Economically, drought is the second-most expensive weather-related event, with over $9 billion in lost revenue in the United States alone. In 2014, California lost $1.4 billion in agricultural revenue as over 500,000 acres of farmland were left fallow for lack of water. In the US, dry years increase food prices. In developing countries, drought results in famine.
UNICEF has qualified 11 current droughts as disasters. By their own definition, a disaster is “a serious disruption of the functioning of a society…which exceeds the ability of the affected community or society to cope using its own resources.” In 1992, the World Food Summit set the goal of halving the number of undernourished global citizens. Today, less than half of that goal has been met, and over a quarter of participating countries have had increasing rates of malnutrition. Six of the eleven UNICEF drought disasters are in Africa, and, in an unsurprising correlation, four of those six have regressed in food security by UN standards. The other two have had insufficient data to report because of extreme political instability.
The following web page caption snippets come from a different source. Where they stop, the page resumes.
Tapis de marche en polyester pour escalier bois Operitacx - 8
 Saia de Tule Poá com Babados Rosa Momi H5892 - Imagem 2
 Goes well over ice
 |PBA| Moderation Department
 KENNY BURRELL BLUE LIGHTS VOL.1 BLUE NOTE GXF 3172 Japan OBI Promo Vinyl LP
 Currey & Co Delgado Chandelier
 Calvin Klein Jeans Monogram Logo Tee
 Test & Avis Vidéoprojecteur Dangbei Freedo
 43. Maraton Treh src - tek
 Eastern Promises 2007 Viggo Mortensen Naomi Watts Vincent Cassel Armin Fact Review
These are only the official disaster zones, and the complete breakdown of national food security is a high threshold to cross. Countless other countries are being affected on a smaller but still frightening scale. From haunting images of Pacific islands disappearing into the sea to California imposing mandatory water usage cuts of 25% amidst a historic drought, climate change is thrown into stark, uncomfortably close relief. No longer is global warming theoretical—the changing environment is having real consequences.
Scientifically, as temperatures rise due to global warming, more moisture evaporates into the atmosphere, leaving fewer resources behind for human use. Since the 1970s, surveys of drought conditions have found longer and harsher occurrences. Over the 2000-2009 period, 30-60% of the US land mass and 36 African countries in the US and African continent alone have been impacted by drought. Horrifyingly, a drought in Eastern Africa from 2011-2013 caused between 50,000-260,000 deaths, and a massive refugee flight that took countless more lives. The UN officially declared a famine in Somalia in July 2012—the first famine in the region in over thirty years. Alongside the widespread starvation came economic regression, terrorism, and countless other social, economic, and political side effects.
The Union of Concerned Scientists, a leading climate scientific community, points out yet another unsettling fact: the droughts sweeping the world from the African savannahs to Californian coasts are not short-term phenomena. While the earth naturally cycles through drought periods, the increasingly extreme environment is not going to settle down. International response to drought focuses on stopgap measures aimed at conservation until the floodgates again open, when the unprecedented droughts are only predicted to increase in scale and scope. Over 80% of the Californian water supply grows crops, which demonstrates the swiftly deteriorating food system the current world depends upon. Carbon emission targets are not enough—the damage has already been done.
Contingency policies for higher food prices, famine, and the resulting socio-political fallout must be discussed alongside any climate deal, before even more countries fall deeper into a dry state of malnourishment.